- Task statement
Where the line containing "Sonnenschirm VERSA UX" appears, end the copy there, keeping that line; start from the first line of the entries, copy exactly, and omit pictures.

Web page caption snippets
※
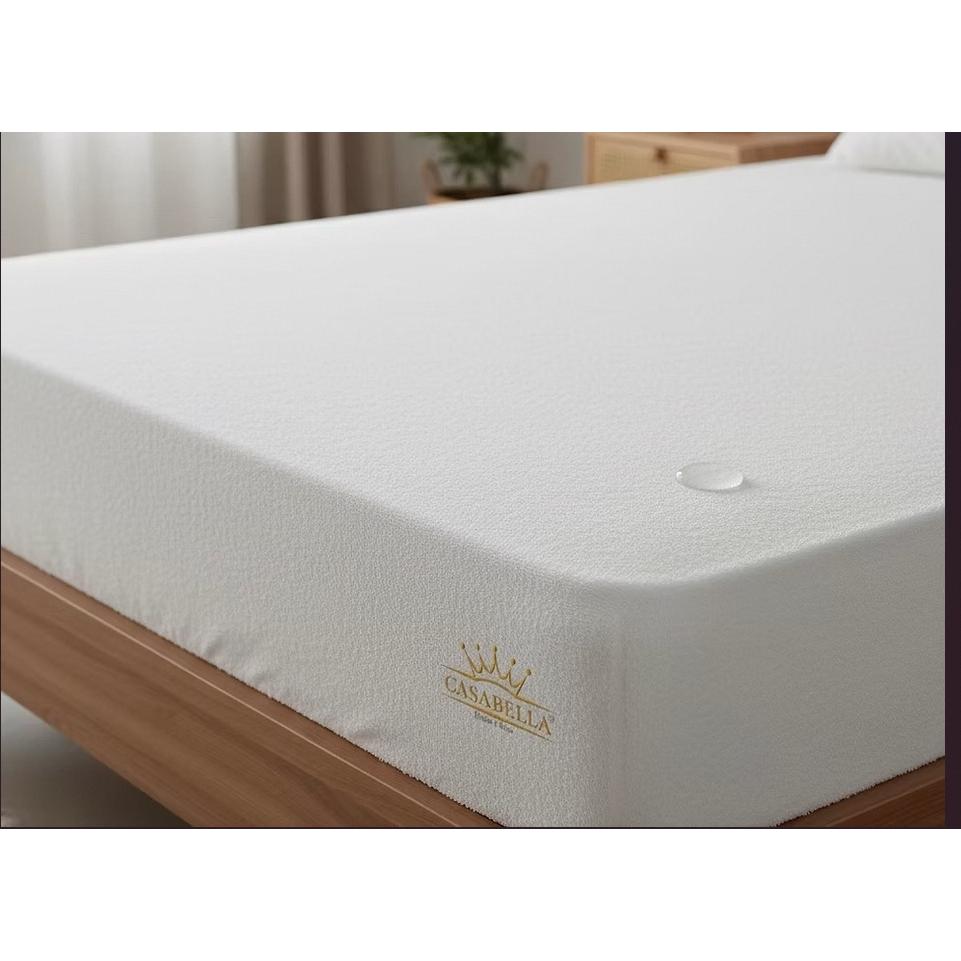 Protector de colchón impermeable transpirable antiacaros no hace ruido talla 160x200 - protector de cama 160x200 para dormitorio, material transpirable y resistente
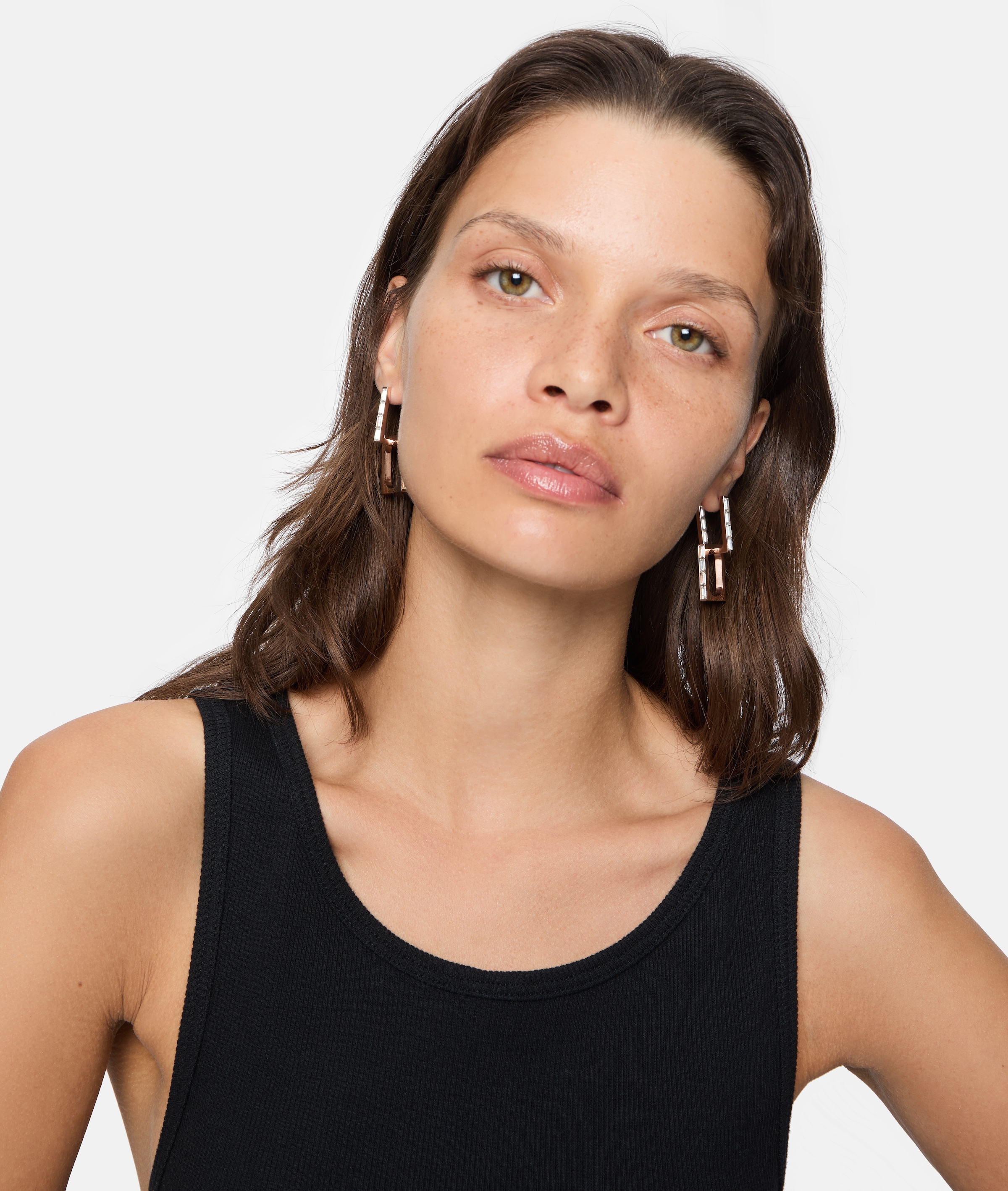 Liebeskind Berlin Paar Creolen »Schmuck Geschenk Edelstahl Ohrringe Sparkling Link, LJ-1464, LJ-1465«, mit Zirkonia (synth.)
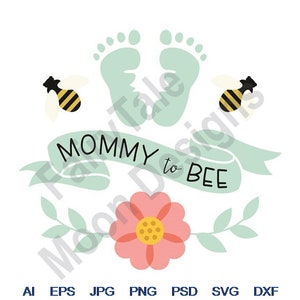 Mama für Biene - SVG, Dxf, Eps, Png, Jpg, Vektorkunst, Clipart, Schnittdatei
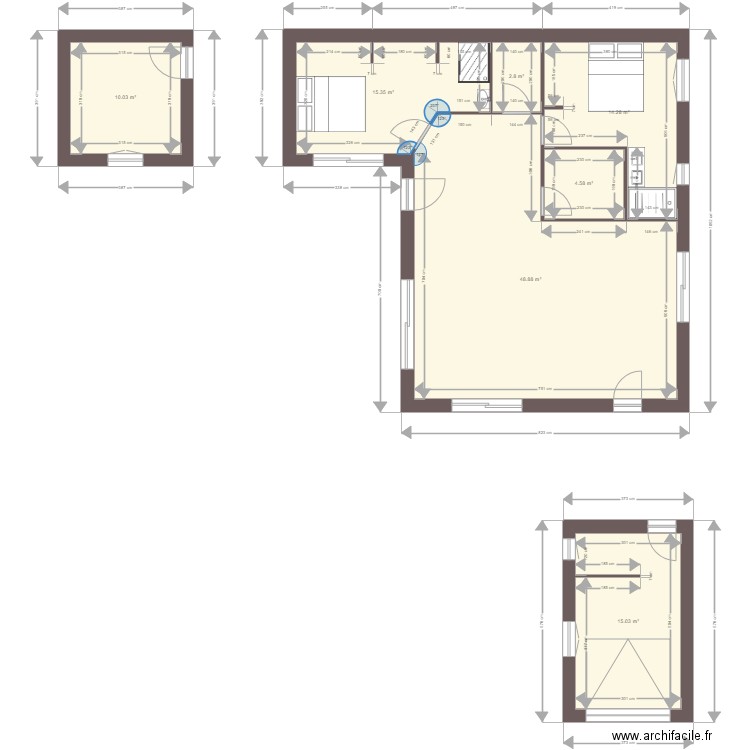 Maison projet Solerieux. Plan de 0 pièce et 0 m2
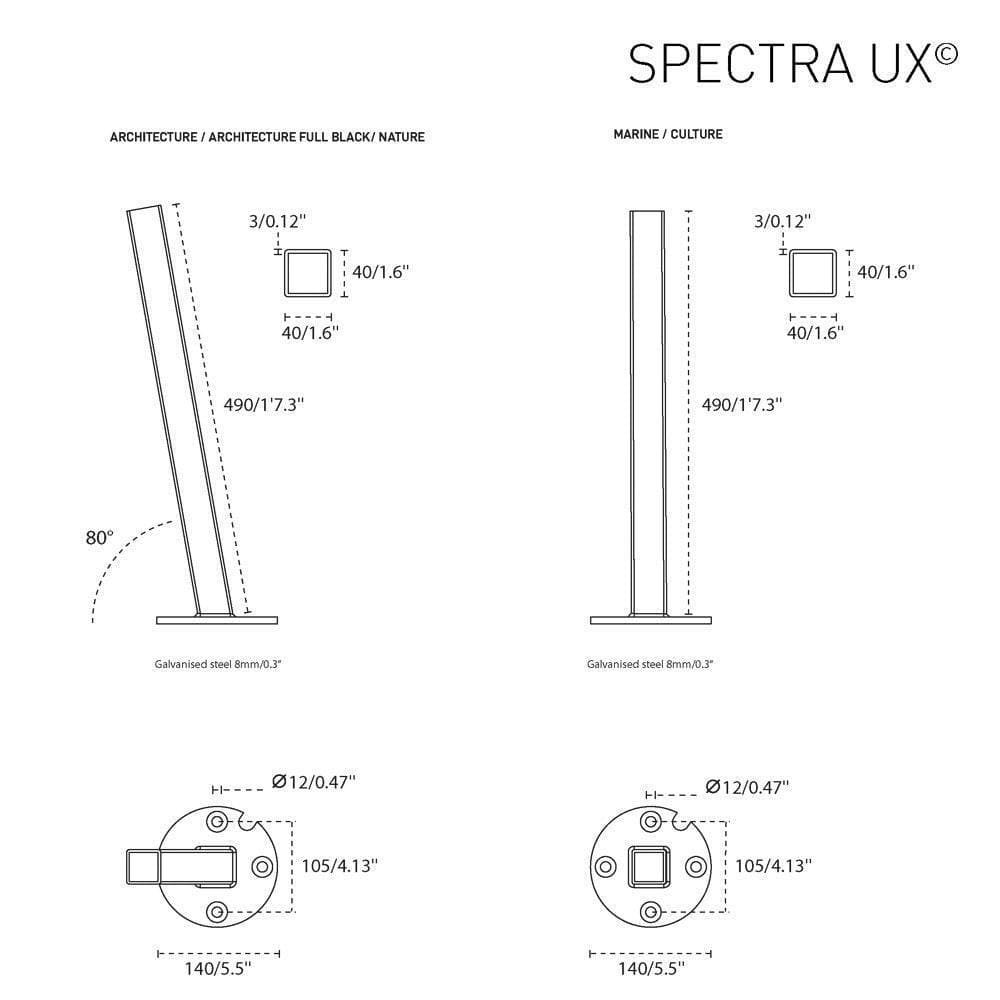 Sonnenschirm VERSA UX FULL BLACK - 300x300 80° - Original Homestories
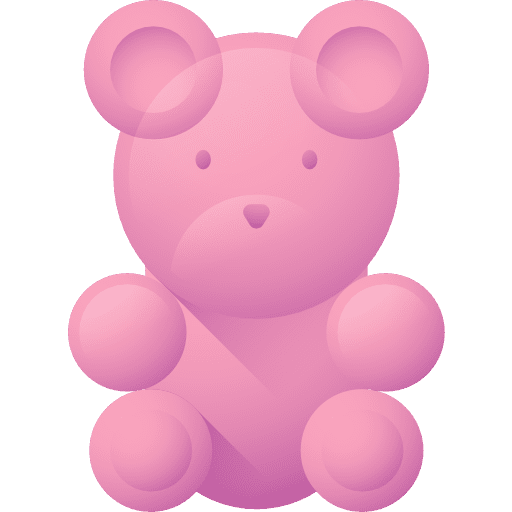 Gummy bear food sweet candy icon Gummy bear food sweet candy icon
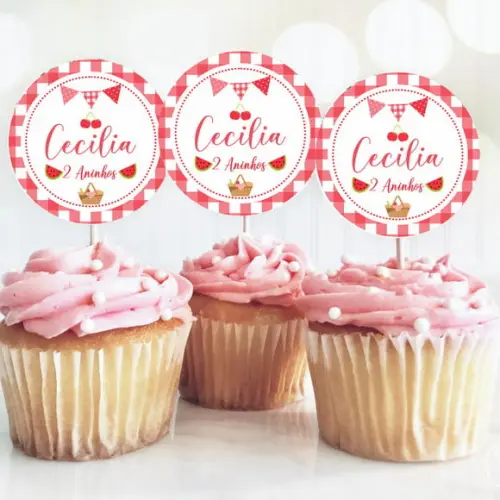 Topper de Doces Piquenique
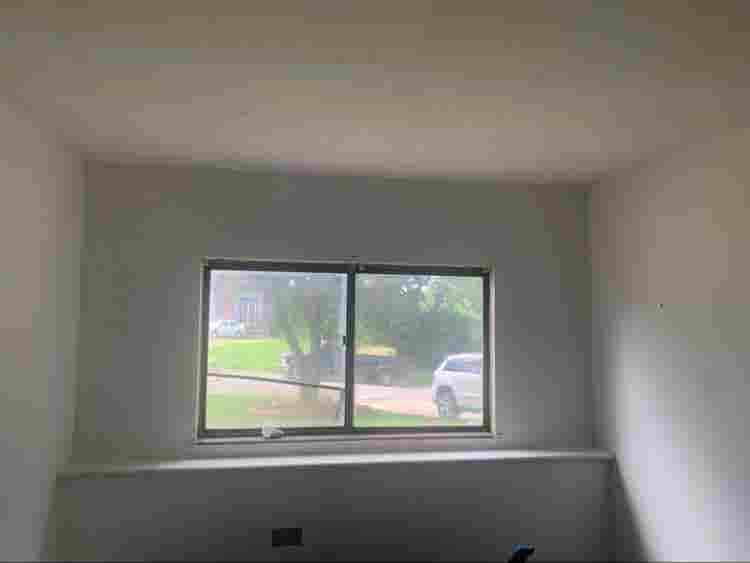 Unfinished room, private bathroom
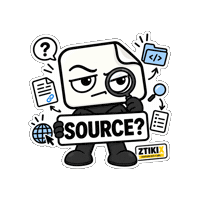 Verify Fact Check Sticker by ZTIKIX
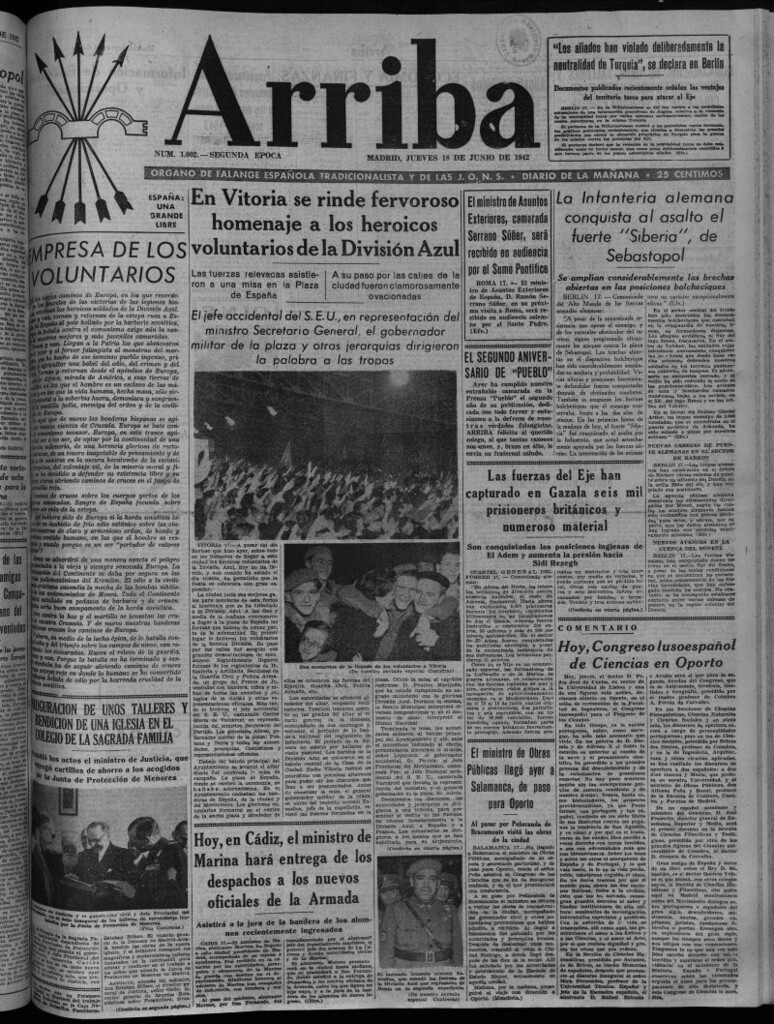 Miniatura de Arriba del 18 de junio de 1942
※
- Reply
 Protector de colchón impermeable transpirable antiacaros no hace ruido talla 160x200 - protector de cama 160x200 para dormitorio, material transpirable y resistente
 Liebeskind Berlin Paar Creolen »Schmuck Geschenk Edelstahl Ohrringe Sparkling Link, LJ-1464, LJ-1465«, mit Zirkonia (synth.)
 Mama für Biene - SVG, Dxf, Eps, Png, Jpg, Vektorkunst, Clipart, Schnittdatei
 Maison projet Solerieux. Plan de 0 pièce et 0 m2
 Sonnenschirm VERSA UX FULL BLACK - 300x300 80° - Original Homestories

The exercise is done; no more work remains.